We like it here in the mountains, in the shadows of Monadnock. It is a woody solitude. We have no near neighbors. We have neighbors and I can see their houses scattered in the forest distances, for we live on a hill. I am astonished to find that I have known 8 of these 14 neighbors a long time; 10 years is the shortest; then seven beginning with 25 years & running up to 37 years' friendship. It is the most remarkable thing I ever heard of.

This letter was written in July, and he states in it that he has turned out one hundred thousand words of a large manuscript. . It was a fantastic tale entitled "3,000 Years among the Microbes," a sort of scientific revel—or revelry—the autobiography of a microbe that had been once a man, and through a failure in a biological experiment transformed into a cholera germ when the experimenter was trying to turn him into a bird. His habitat was the person of a disreputable tramp named Blitzowski, a human continent of vast areas, with seething microbic nations and fantastic life problems. It was a satire, of course —Gulliver's Lilliput outdone—a sort of scientific, socialistic, mathematical jamboree.

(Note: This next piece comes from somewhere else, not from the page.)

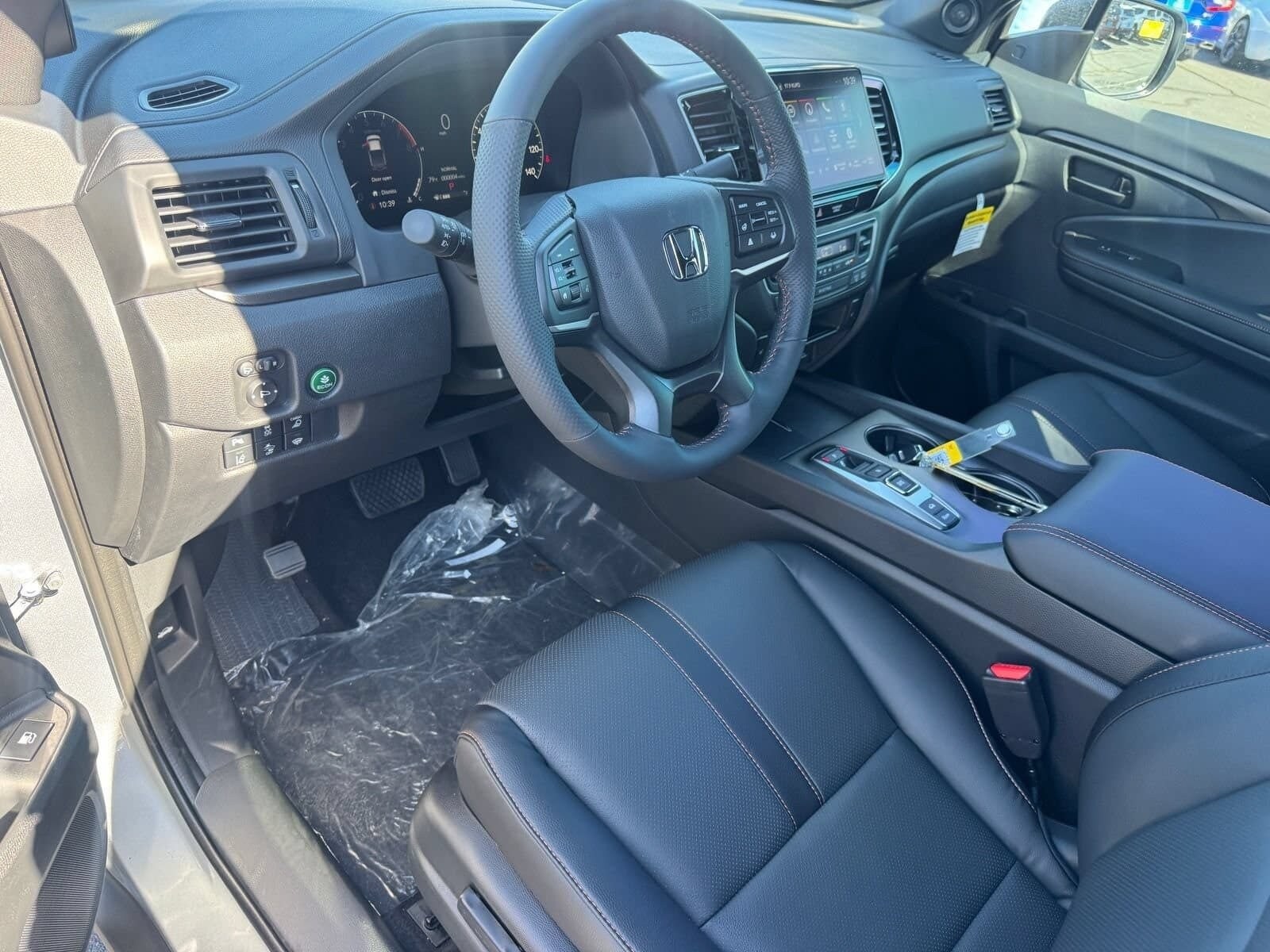 2026 Honda Ridgeline TrailSport - Photo 9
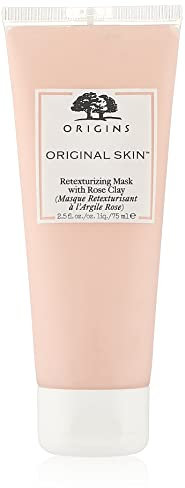 Original, Skin Retexturizing Mask with Rose Clay, 75 ml. Rosa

He tired of it before it reached completion, though not before it had attained the proportions of a book of size. As a whole it would hardly have added to his reputation, though it is not without fine and humorous passages, and certainly not without interest. Its chief mission was to divert him mentally that summer during, those days and nights when he would otherwise have been alone and brooding upon his loneliness.—[For extracts from "3,000 Years among the Microbes" see Appendix V, at the end of this work.] MARK TWAIN'S SUGGESTED TITLE-PAGE FOR HIS MICROBE BOOK:

3000 YEARS AMONG THE MICROBES

By a Microbe

WITH NOTES
added by the same Hand
7000 years later

Translated from the Original
Microbic
by

Mark Twain

His inability to reproduce faces in his mind's eye he mourned as an increasing calamity. Photographs were lifeless things, and when he tried to conjure up the faces of his dead they seemed to drift farther out of reach; but now and then kindly sleep brought to him something out of that treasure-house where all our realities are kept for us fresh and fair, perhaps for a day when we may claim them again. Once he wrote to Mrs. Crane:

SUSY DEAR,—I have had a lovely dream. Livy, dressed in black, was sitting up in my bed (here) at my right & looking as young & sweet as she used to when she was in health. She said, "What is the name of your sweet sister?" I said, "Pamela." "Oh yes, that is it, I thought it was—(naming a name which has escaped me) won't you write it down for me?" I reached eagerly for a pen & pad, laid my hands upon both, then said to myself, "It is only a dream," and turned back sorrowfully & there she was still. The conviction flamed through me that our lamented disaster was a dream, & this a reality. I said, "How blessed it is, how blessed it is, it was all a dream, only a dream!" She only smiled and did not ask what dream I meant, which surprised me. She leaned her head against mine & kept saying, "I was perfectly sure it was a dream; I never would have believed it wasn't." I think she said several things, but if so they are gone from my memory. I woke & did not know I had been dreaming. She was gone. I wondered how she could go without my knowing it, but I did not spend any thought upon that. I was too busy thinking of how vivid & real was the dream that we had lost her, & how unspeakably blessed it was to find that it was not true & that she was still ours & with us.